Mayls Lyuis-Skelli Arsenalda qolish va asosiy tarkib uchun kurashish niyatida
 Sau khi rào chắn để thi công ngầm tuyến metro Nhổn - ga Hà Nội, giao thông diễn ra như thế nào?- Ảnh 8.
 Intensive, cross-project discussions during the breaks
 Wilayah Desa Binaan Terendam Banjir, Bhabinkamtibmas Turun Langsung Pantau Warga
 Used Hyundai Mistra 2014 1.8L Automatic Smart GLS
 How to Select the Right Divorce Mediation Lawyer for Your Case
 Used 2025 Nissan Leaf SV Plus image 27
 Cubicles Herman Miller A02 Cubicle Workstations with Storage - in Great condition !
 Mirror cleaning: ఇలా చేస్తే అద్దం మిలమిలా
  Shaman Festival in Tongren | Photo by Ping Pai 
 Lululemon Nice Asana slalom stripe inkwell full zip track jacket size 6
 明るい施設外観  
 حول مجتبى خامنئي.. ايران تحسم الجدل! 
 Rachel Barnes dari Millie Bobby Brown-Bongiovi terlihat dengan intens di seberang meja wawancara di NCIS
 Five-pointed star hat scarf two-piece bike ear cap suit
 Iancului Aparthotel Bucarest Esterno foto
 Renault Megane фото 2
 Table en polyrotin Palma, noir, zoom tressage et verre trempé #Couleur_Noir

* **Assignment**:
Everything from the line containing "Five-pointed star hat" through the end of the entries above should be retyped exactly, and nothing else.

* **Task answer**:
 Five-pointed star hat scarf two-piece bike ear cap suit
 Iancului Aparthotel Bucarest Esterno foto
 Renault Megane фото 2
 Table en polyrotin Palma, noir, zoom tressage et verre trempé #Couleur_Noir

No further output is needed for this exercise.